FEIT Research Project Database

Biopolymers 4.0: Machine-learning-accelerated multiscale computational biopolymer design and experimental development of an archetypical intraocular device

Project Leader: Ellie Hajizadeh
Collaborators: Molecular Simulations and Drug Delivery Research Group, Department of Chemical Engineering, IIT Roorkee, India. Biomaterials and Multiscale Mechanics Lab (BMML), Department of Metallurgical and Materials Engineering, IIT Roorkee, India.
Primary Contact: Ellie Hajizadeh (ellie.hajizadeh@unimelb.edu.au)
Keywords: 3D printing; artificial intelligence; biopolymers; computational materials science; fluid dynamics
Disciplines: Biomedical Engineering,Chemical & Biomolecular Engineering,Mechanical Engineering

Materials 4.0, combining machine learning with experimental (1.0), theoretical (2.0), and computational (3.0) materials science, brings a paradigm shift to the discovery and development of novel materials through: a) accelerating the pace of exploring materials design space and b) enabling an inverse design approach contrary to the conventional trial-and-error forward design methodologies, where desired material properties are explicitly targeted, and the parameters necessary to achieve them are found by a way of solving a constrained optimization problem.
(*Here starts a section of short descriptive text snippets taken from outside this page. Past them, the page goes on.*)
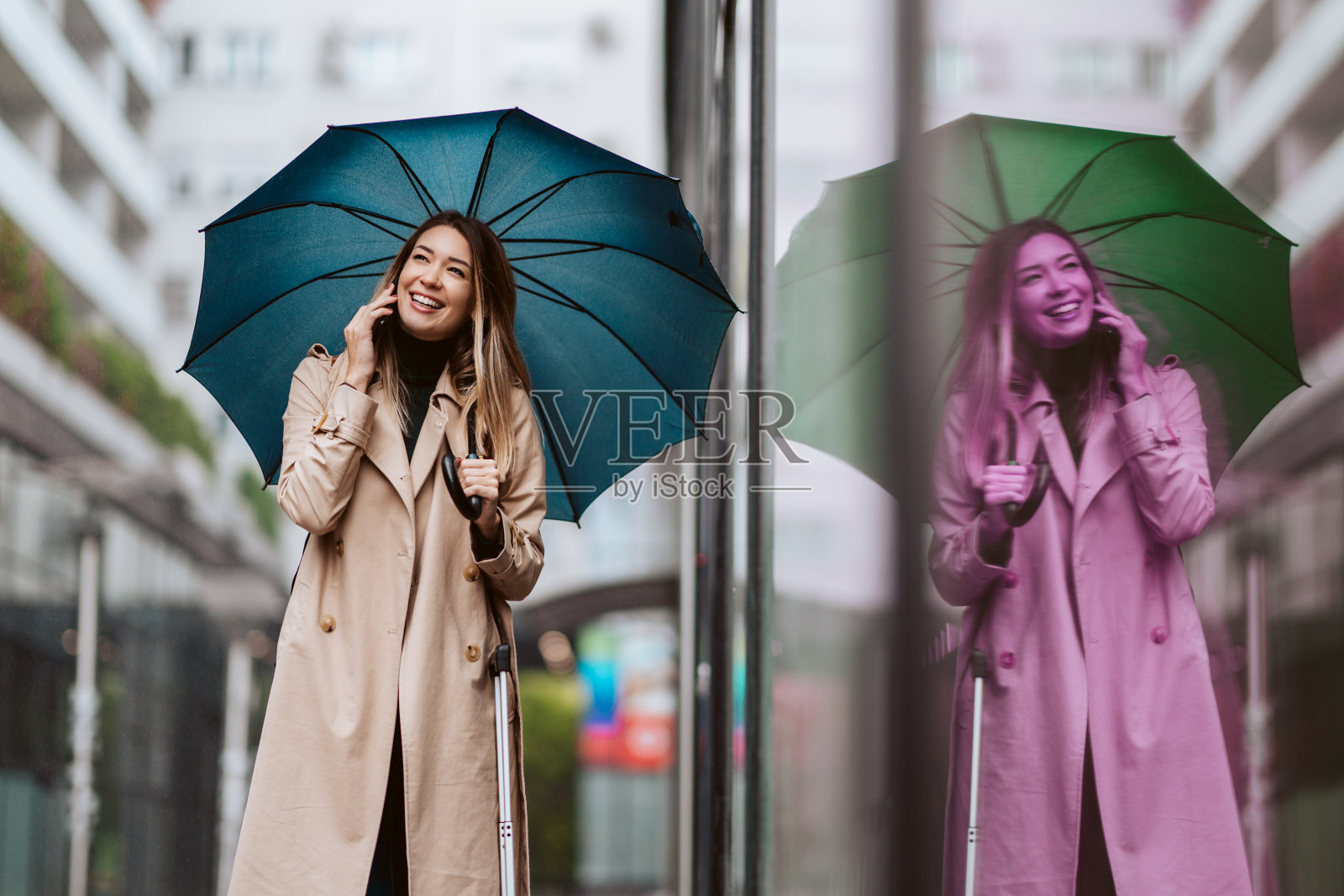 一个漂亮的年轻女子站在伞下讲电话。照片摄影图片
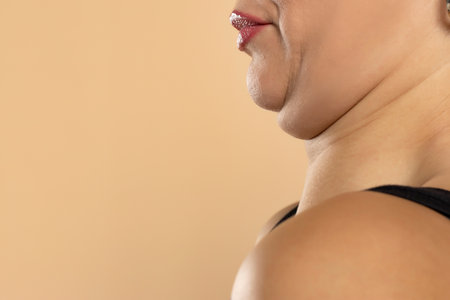 Young woman with double chin on beige studio background, closeup. Space for textの写真素材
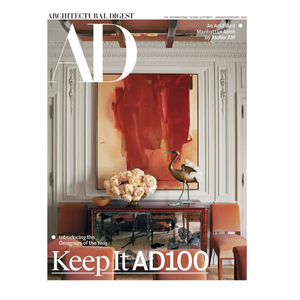 Architectural Digest cover showing an art-filled room by Atelier AM with a striking red abstract painting, floral arrangement, and decorative sculpture on a mirrored console, accompanied by stylish seating.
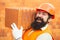 Bearded man worker, beard, building helmet, hard hat. Builders in hard hat and gloves. Portrait of happy worker. Bearded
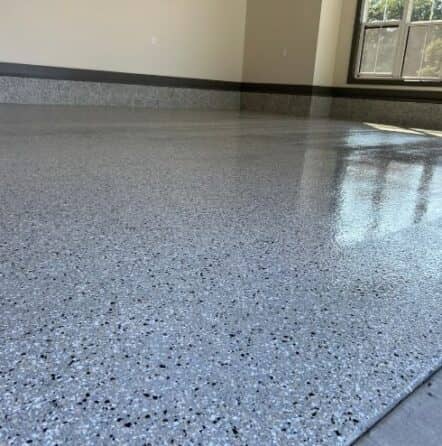 close-up of cabin fever epoxy flake flooring for homeowner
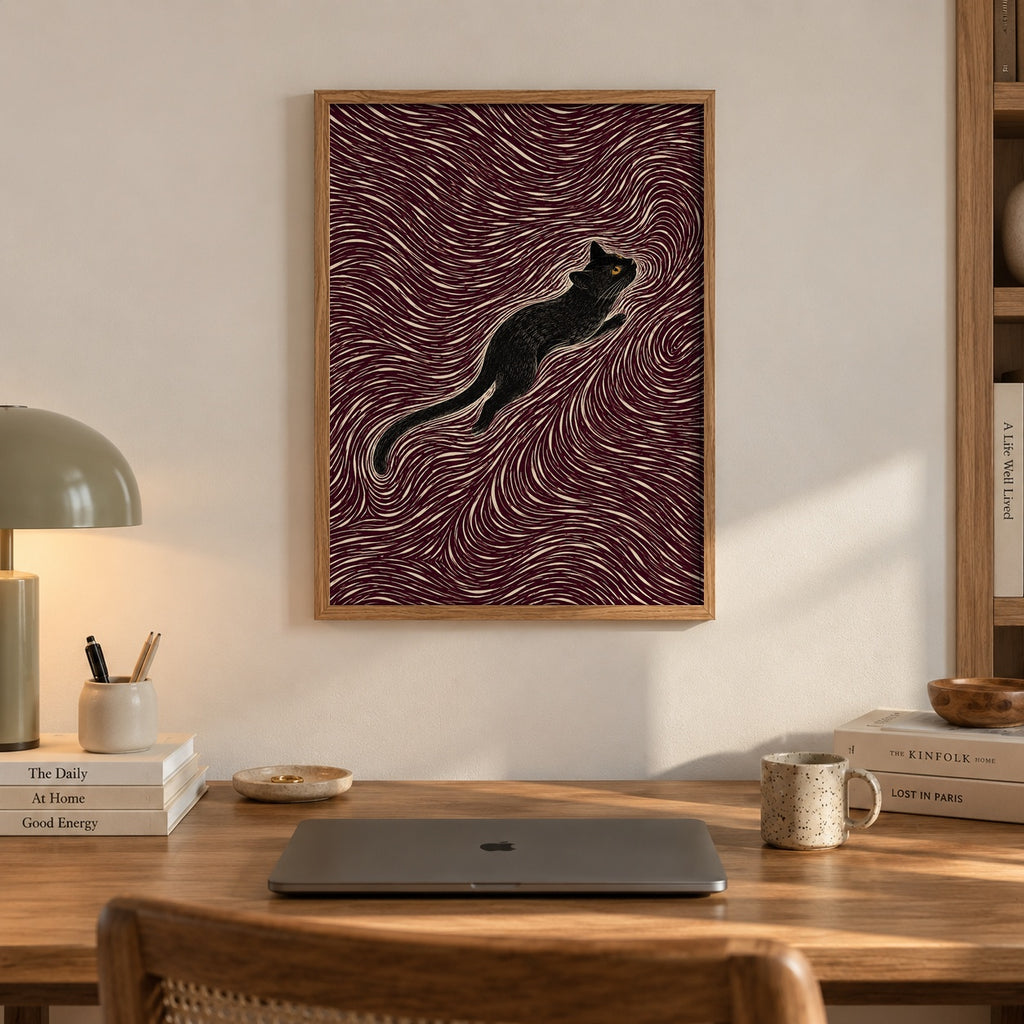 A sleek black cat stretches gracefully through a hypnotic swirl of maroon and cream lines — artwork print detail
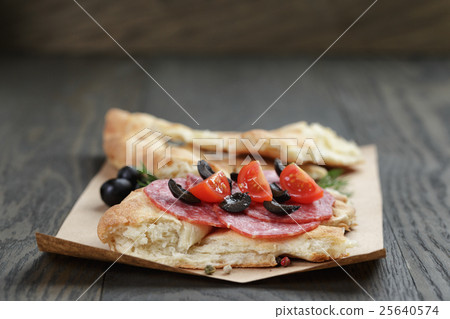 sandwich with pita bread salami and vegetables on wood table sandwich with pita bread salami and vegetables on wood table 25640574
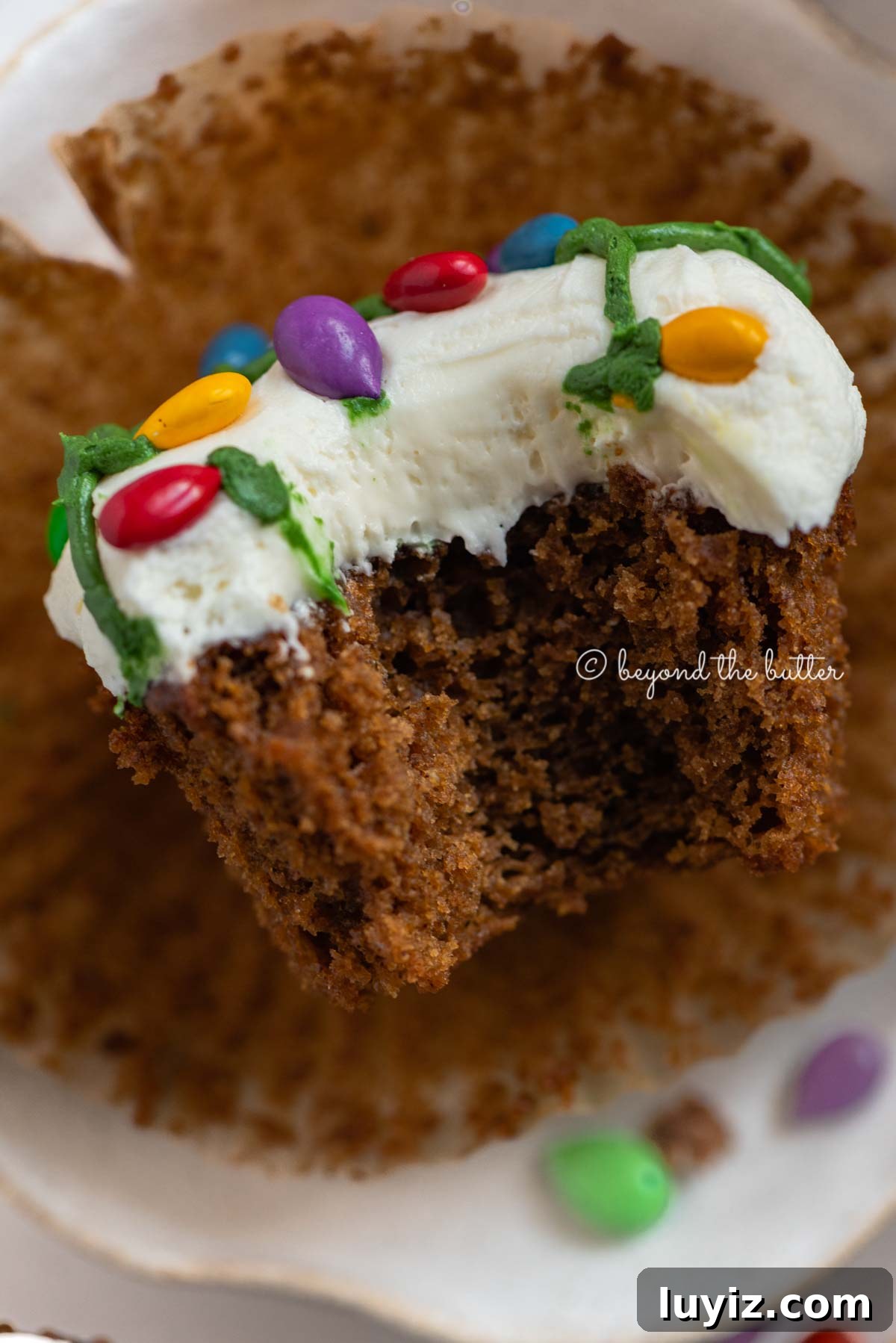 Gingerbread Cupcakes Recipe for a Small Batch (6 Muffins) 6 Liner removed with bite taken out of it gingerbread cupcake on a small dessert plate on a white, chocolate covered sunflower seed background | All Images © Beyond the Butter®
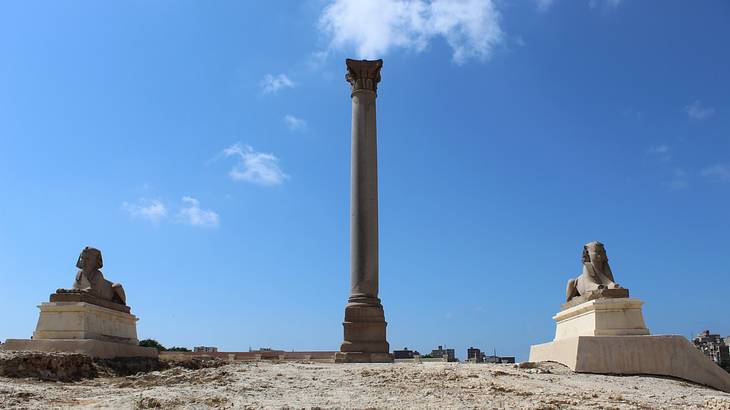 A pillar standing in the middle of two sphinx against a blue sky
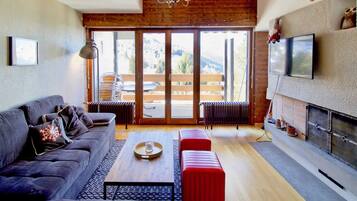 Basic Apartment, 1 Queen Bed with Sofa bed | Living area | TV, fireplace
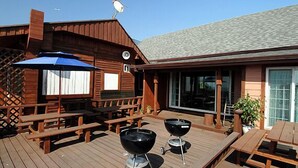 Una terraza de madera con mesas de picnic y dos parrillas.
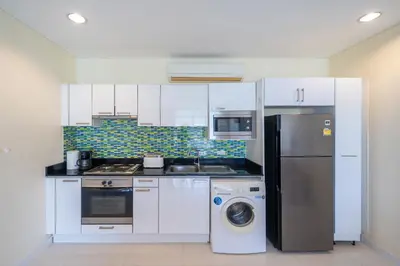 a kitchen with a refrigerator and a washing machine at Peaceful Bliss With 120 Sqm Kamala Beach in Kathu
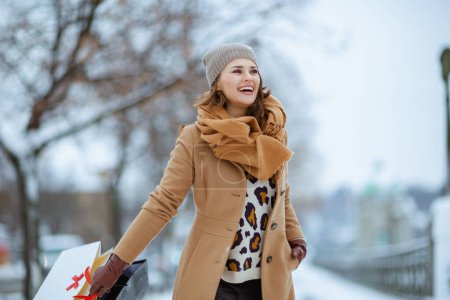 Téléchargez les photos : Heureuse femme élégante en chapeau marron et écharpe en manteau de chameau avec gants et sacs à provisions à l'extérieur de la ville en hiver. - en image libre de droit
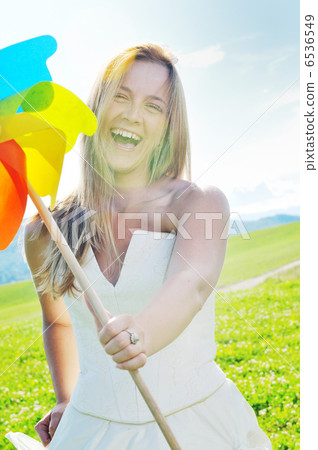 beautiful bride outdoor with colorful windmill toy beautiful bride outdoor with colorful windmill toy 6536549
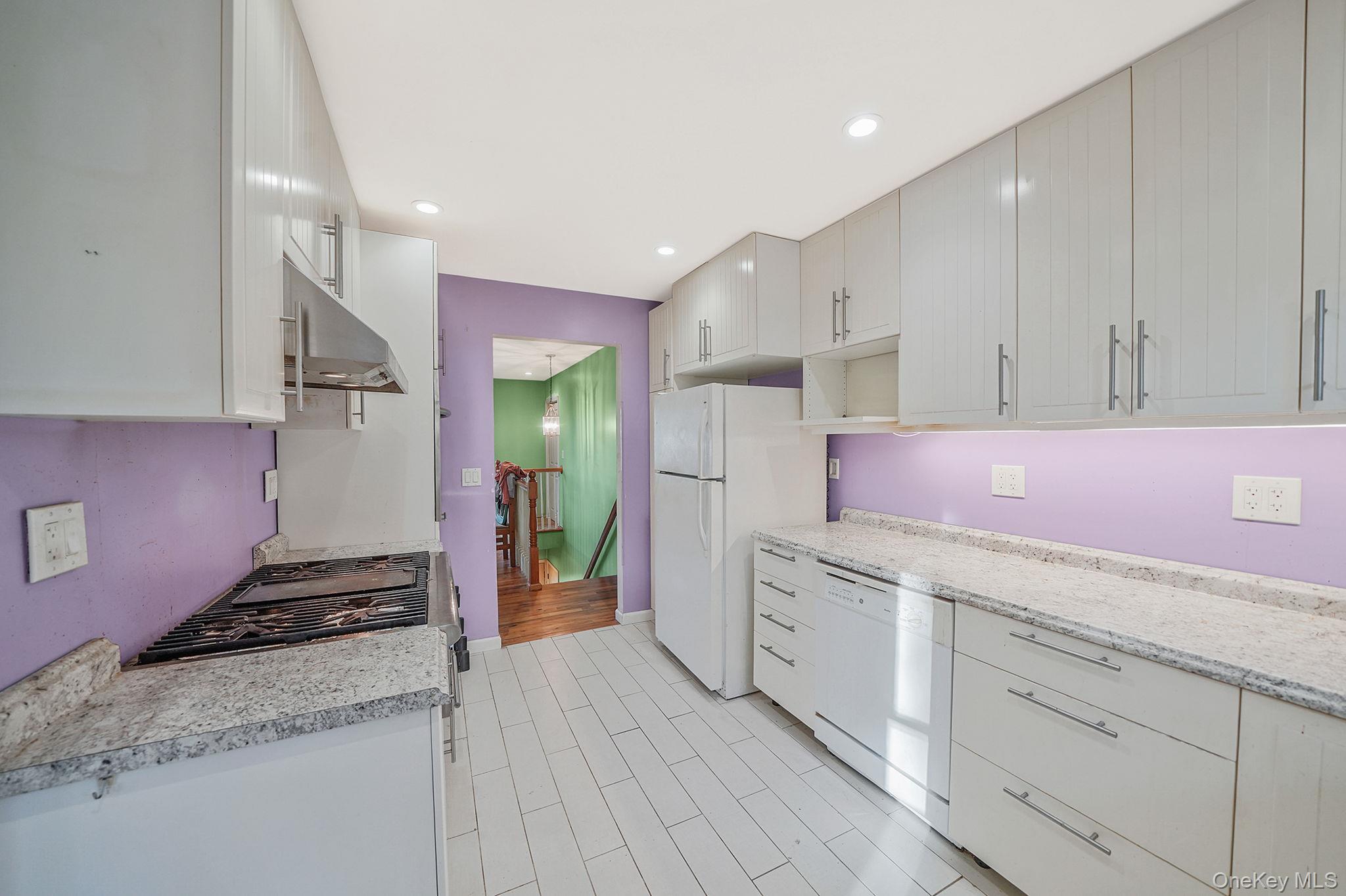97 Locust Drive Rocky Point, NY 11778 - Photo 12 of 26 Kitchen with light countertops, recessed lighting, white cabinets, under cabinet range hood, and white appliances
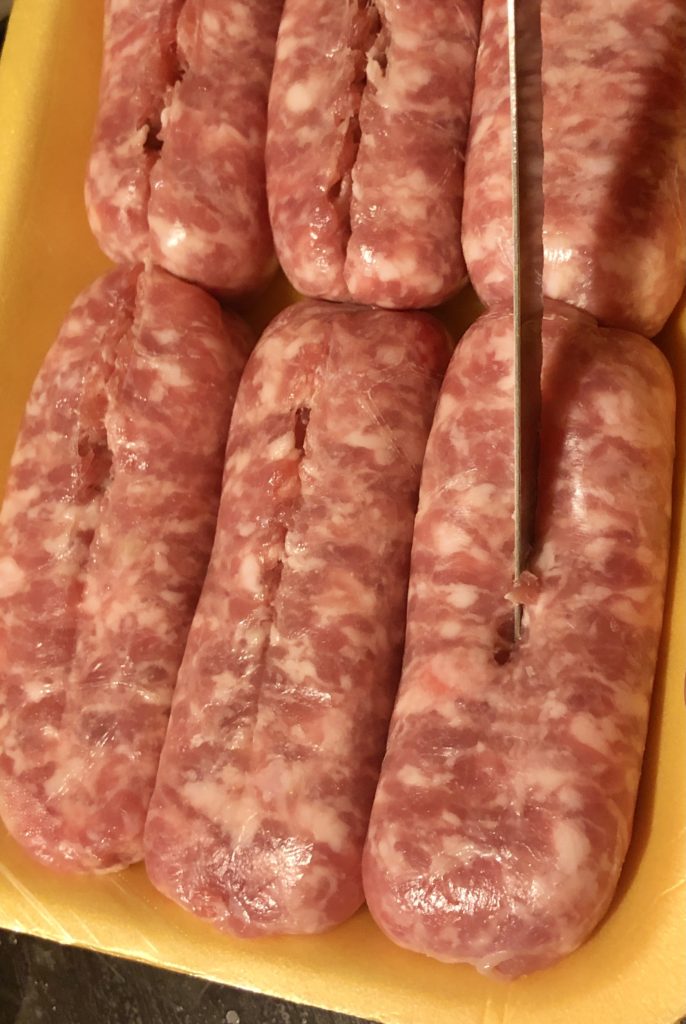 slitting Italian sausage down the middle with a knife so that the casing may be removed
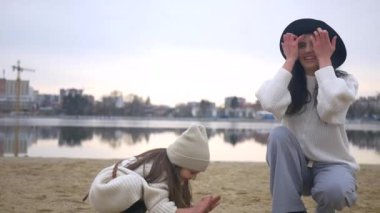 Anne ve kızı su kenarında birbirlerine sarılıp duruyorlar. Kadın ve çocuğun manzaranın tadını çıkardığı plaj sahnesi. Kadın ve kız gülümsüyor ve sahilde duruyor, denize bakıyor. Kadın ve küçük kız sahilde ufka bakıyor. Kumlu sahilde aile zamanı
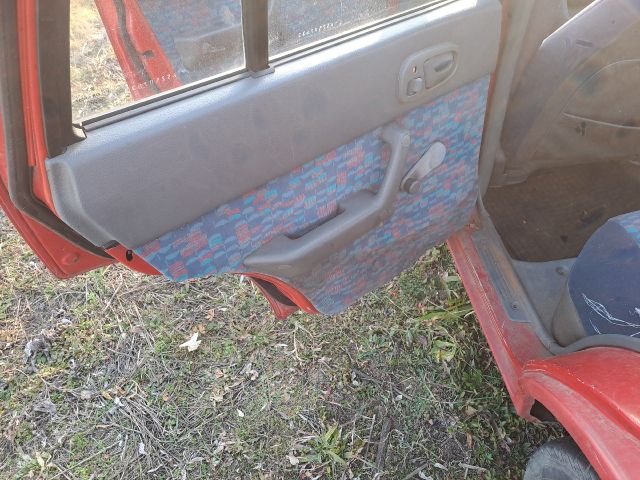 bontott SUZUKI SWIFT II Bal első Ajtó Kárpit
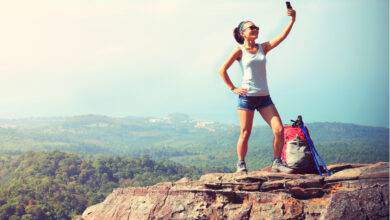 Randonneur femme prenant une photo avec un téléphone intelligent au sommet de la montagn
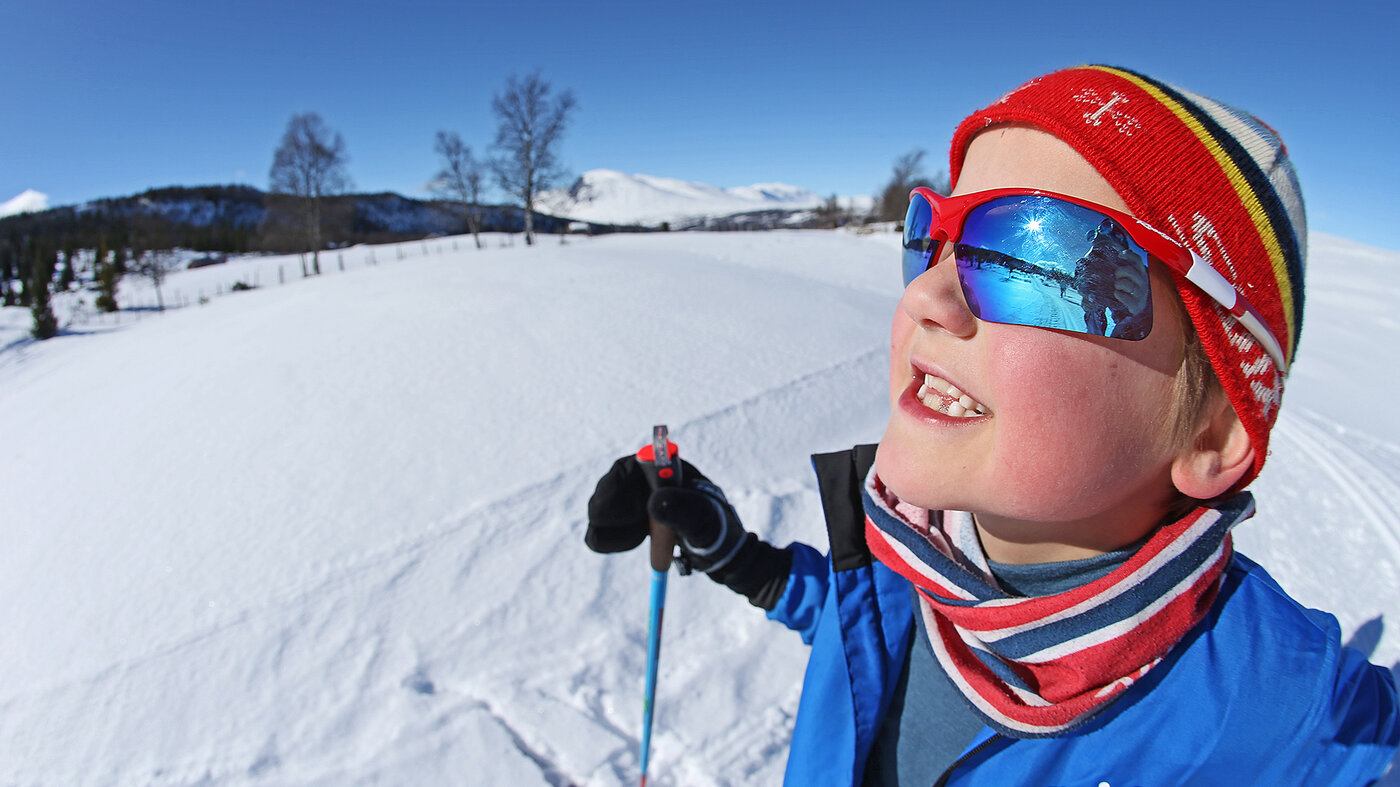 Bilde viser gutt som myser mot sola 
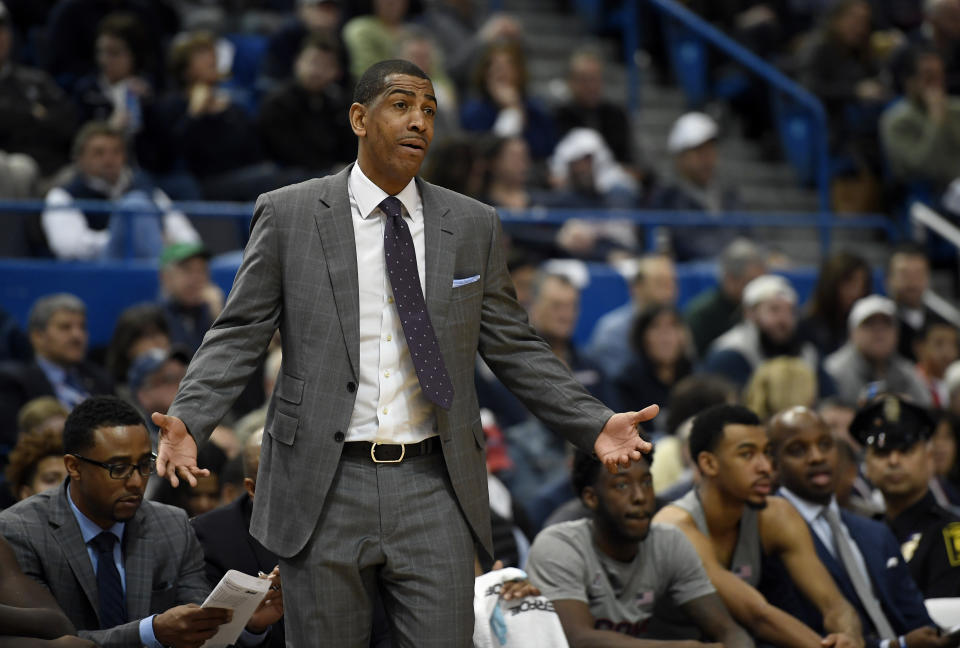 Connecticut head coach Kevin Ollie gestures during the first half of an NCAA college basketball game, Saturday, Jan. 20, 2018, in Hartford, Conn. (AP Photo/Jessica Hill)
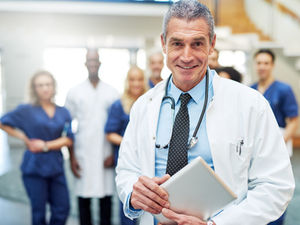 Healthcare administrator starting provider credentialing process with payer enrollment documents and onboarding checklist for a new physician hire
We aim to adopt Materials 4.0 approach for autonomous self-exploratory computational design and experimental development of novel biopolymers for drug-loaded intraocular lens (IoL).

Despite being one of the most common and safe surgical procedure, cataract surgery is not risk free. Ocular inflammation and posterior capsule opacification (PCO) are most common post-surgery complications, whereprophylaxis for post-cataract surgery complications suffers from bioavailability.

On the other hand, Glaucoma can cause irreversible blindness, where conditions associated with Glaucoma are usually managed with the use of eye drops (Beta blockers), laser treatment, surgery, or combinations of all three, which involve cost, inconvenience, and associated complications.

The proposed work will focus on loading anti-metabolites and anti-glaucoma drugs in the novel IoLs based on biopolymers. While the anti-metabolites would address PCO complications, anti-glaucoma drugs will be useful for patients with coincidence of cataract and glaucoma.

The advantage of drug loaded IoLs as a treatment of choice lies in the fact that after implantation, they do not require further compliance from the patient. Furthermore, minimum inhibitory concentrations of the drugs can be maintained for longer durations contrary to eye drops. Moreover, eye drops might interfere with IoLs and may not be as effective. Thus, after IoL implantation, eye drops for treating glaucoma may be impracticable and making the need of drug loaded IoLs imperative.

The challenging objective in developing such devices based on biopolymers is to achieve a sustained release of drug at the therapeutic levels for a prolonged time along with considerations for the expiry of the loaded drug. The solution to this daunting requiremnet lies in an optimised chemistry and molecular architecture of the biopolymers for IoLs fabrication.

Therefore, the aim is (a) to perform multiscale materials simulation to accurately predict the transport phenomena ie, controlled drug release in biopolymers and b) use machine learning (ML) and data informatics to establish a mathematical link between biopolymer chemical and architectural features and controlled and sustained drug release mechanism. (a) & (b) form the so-called forward prediction. In the so-called inverse design, physics-informed ML models will be coupled to a statistical optimization algorithm to find the optimal polymer chemistry and architecture corresponding to the desired controlled drug release over 5 years. c) The experimental characterisations of the 3D printed biopolymers will be used both for validation of the multiscale simulation models and in training and testing ML algorithms.